Intel's 800lb gorilla standing was not solely "all of yesterday's code" ... it was the overwhelming number of PCs. Wintel was the "king of the Monsters" and they even managed to suck macOS off PowerPC and onto the x86-64 juggernaught. It was the variation of the "Nobody got fired for buying IBM" mindset. The herd was all heading to x86 for better line up with the herd or get run over. That's one reason why they were sprinkling x86 pee on the Itanium to use that sales pitch hammer.
The 'attack of the killer PCs' became the attack of the killer handheld. The inertia juggernaut now is an even smaller computer. Intel the inevitable juggernaught is gone. Intel's biggest problem is that they drank way too much of their own kool-aid.
Absolutely no question, no doubt and businesses have GOT to LOVE that fact. And, the x86 ecosystem, as a result, will still be less efficient than the stuff Apple’s producing. Garbage in, garbage out.
Only dubious business buy into drinking too much of that kool-aid. If running the exact same accounting system from 33 years ago you are likely missing out on maximum efficiency. If your business services software stack is 20+ years old same thing. The interconnections between business and the market dynamics have substantively changed in the last 20 years.

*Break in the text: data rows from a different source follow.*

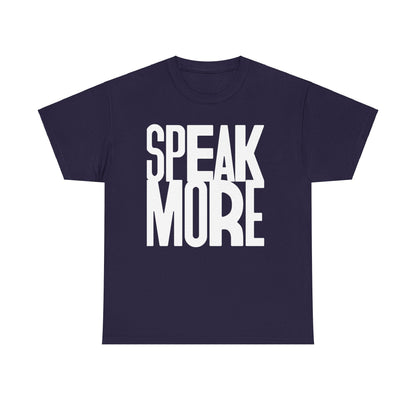 Speak More white letters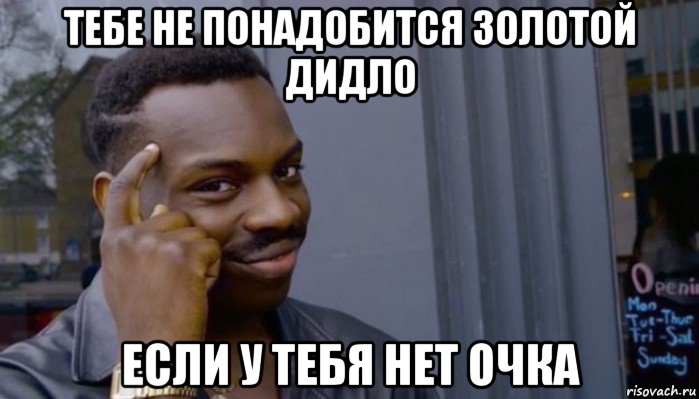 тебе не понадобится золотой дидло если у тебя нет очка, Мем Не делай не будет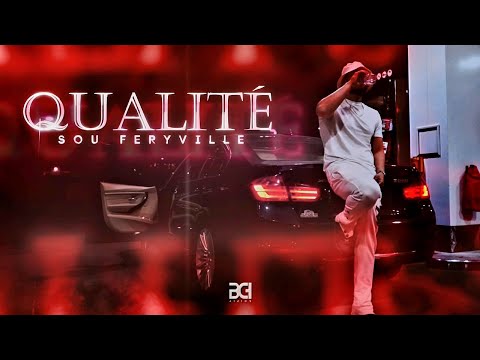 Sou Feryville - Qualité ( Clip officiel )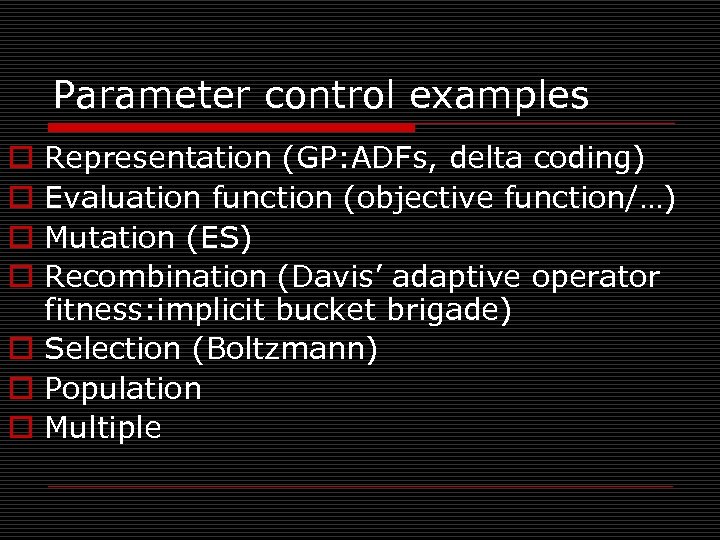 Parameter control examples Representation (GP: ADFs, delta coding) Evaluation function (objective function/…) Mutation (ES)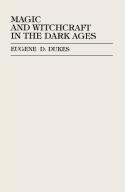 Magic And Witchcraft In The Dark Ages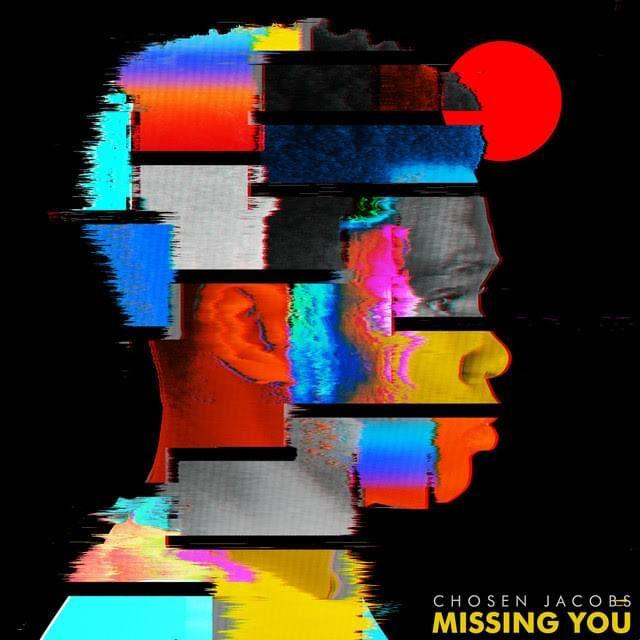 Portada de Sencillo/EP "Missing You", de Chosen Jacobs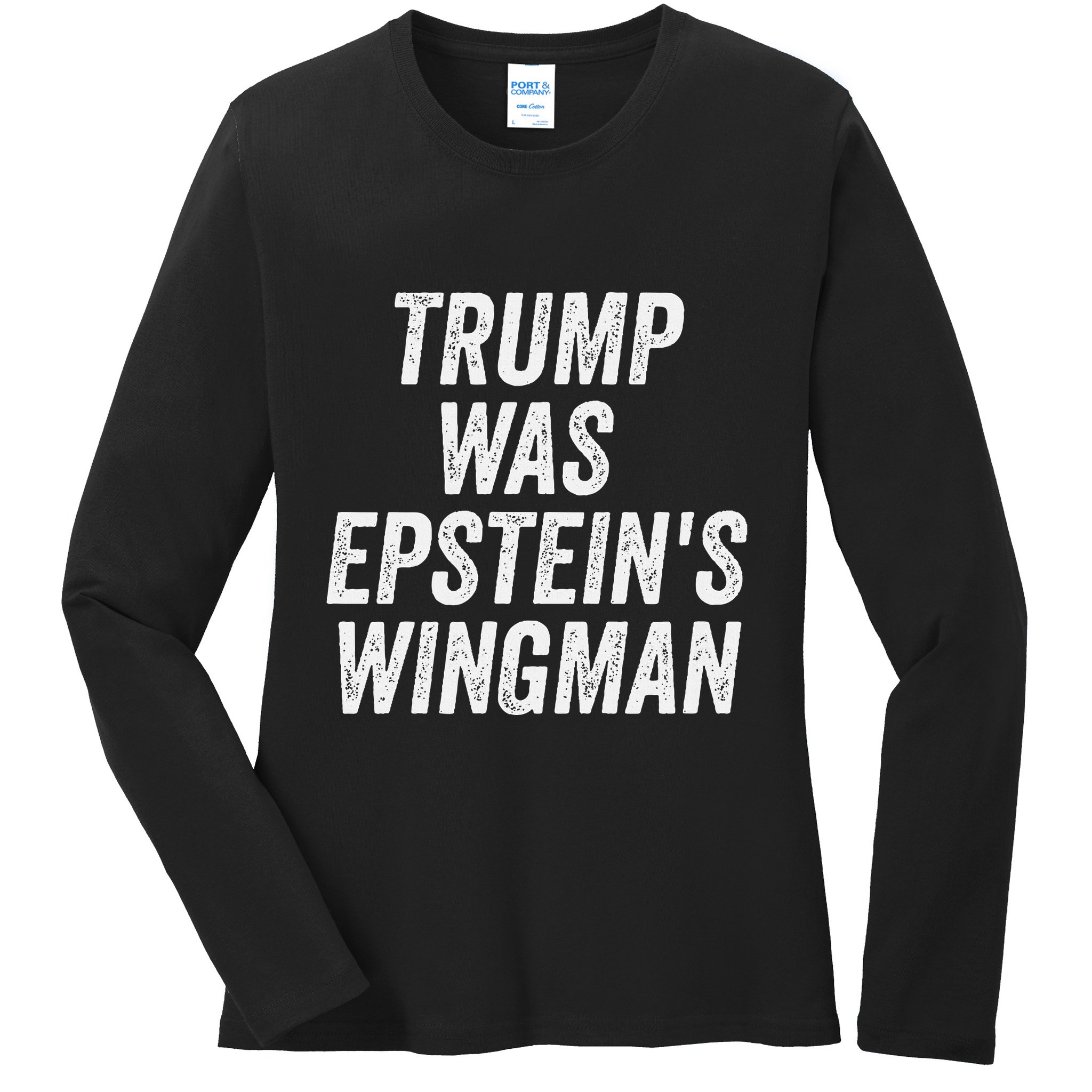 Trump Was EpsteinS Wingman Ladies Long Sleeve Shirt
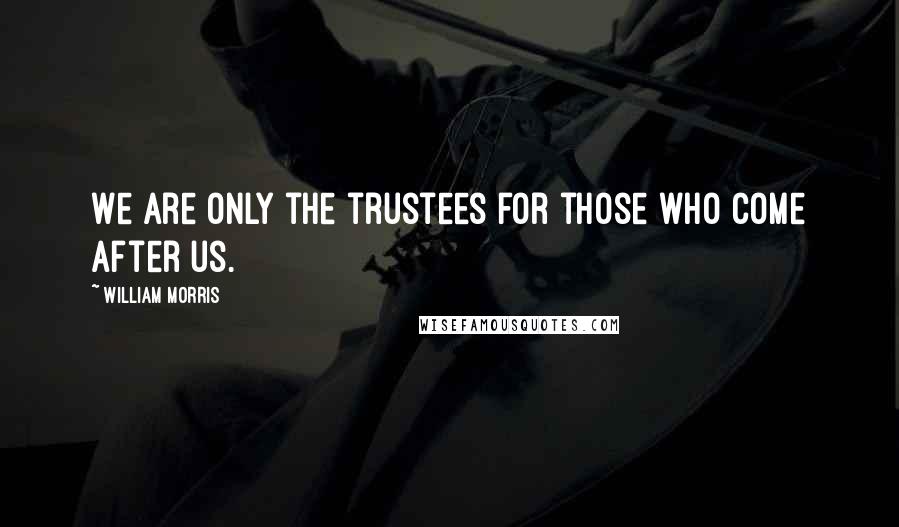 William Morris Quotes: We are only the trustees for those who come after us.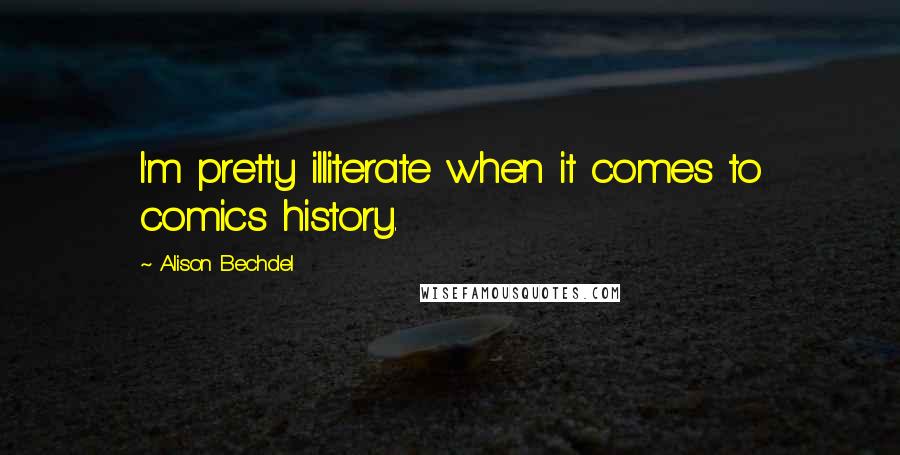 Alison Bechdel Quotes: I'm pretty illiterate when it comes to comics history.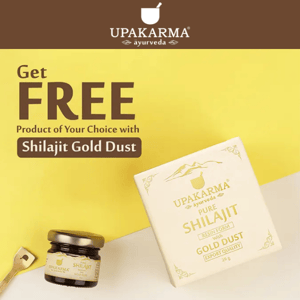 Grab Your FREE Product with Shilajit Gold Dust Purchase Today!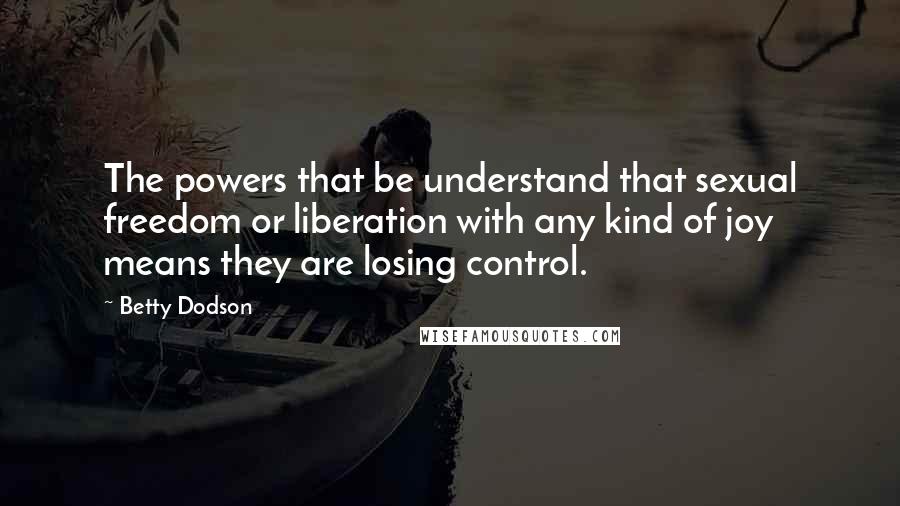 Betty Dodson Quotes: The powers that be understand that sexual freedom or liberation with any kind of joy means they are losing control.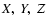 $X,\;Y,\;Z$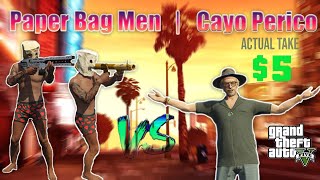 The Paper Bag Men Do Cayo Perico Heist ( Does Not End Well)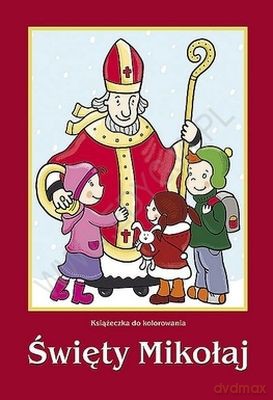 Święty Mikołaj Książeczka Do Kolorowania [KSIĄŻKA]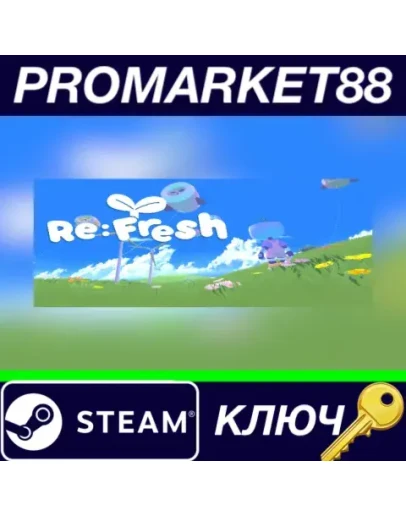 Re:Fresh Steam КЛЮЧ GLOBAL Re:Fresh Steam КЛЮЧ GLOBAL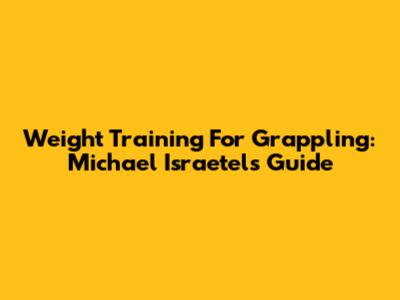 Weight Training For Grappling: Michael Israetel's Guide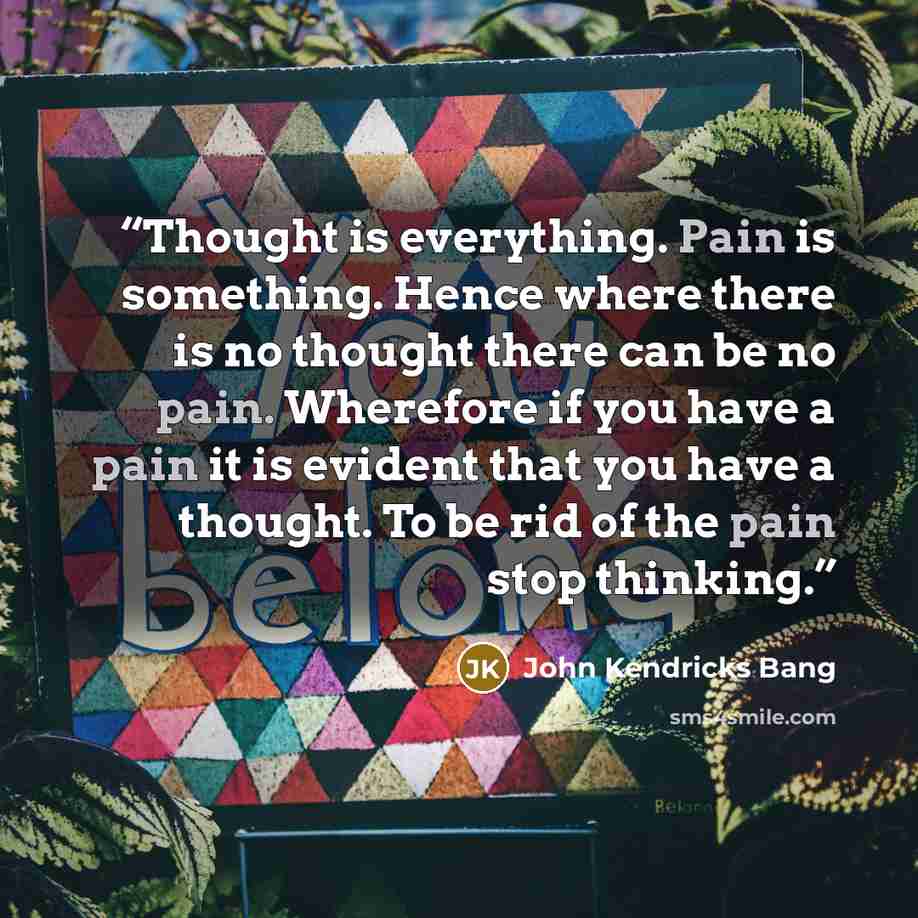 “Thought is everything. Pain is something. Hence where there is no thought there can be no pain. Wherefore if you have a pain it is evident that you have a thought. To be rid of the pain stop thinking.” quote by John Kendricks Bang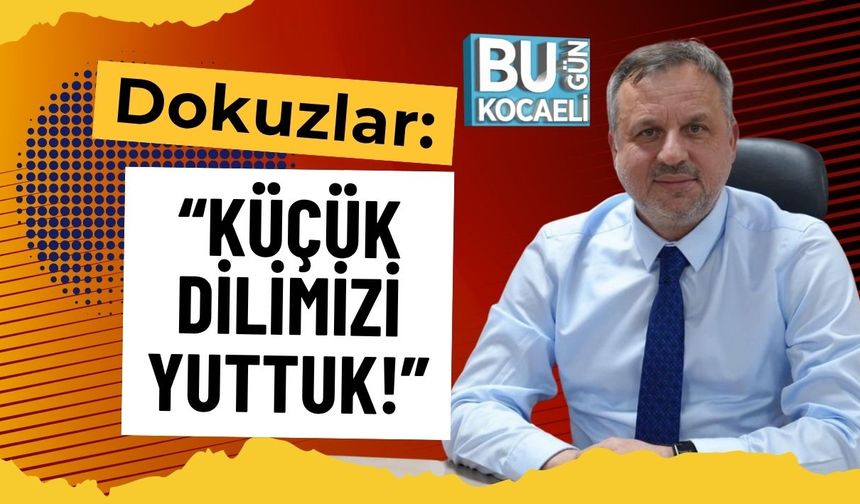 Dokuzlar: “Küçük dilimizi yuttuk!”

Old school Internet Explorer is gone.
Folks who keep dogmatically running the "same old , same old" ( Bed Bath and Beyond. Sears , Soutwest crew assignment system, etc. ) tend not to do well over the long run. Something folks use the "if it ain't broke , don't fix it" as dogma to ignore change. They don't look for 'broke' in a perspective to adaptation to the contemporary business challenges. Setting old criteria for evaluations of old systems in a circular logic set up of "still meets the specs" looking at issues in a bubble.
Sometimes there are corner case pieces of software that can't move because what they are attached to can't move (adapt to change). Wrapping those into a protective blanket ( virtual machine to run OS from jurrasic era or embedding the system behind a protective firewall ) are options. But broad based systems wise to go 20 years and no substantive software upgrades... what are those software vendors doing? Software compilers from 20+ years ago compared to the current ones? It isn't really a contest. What you have is code that is probably not written as well as it could be to run on modern hardware.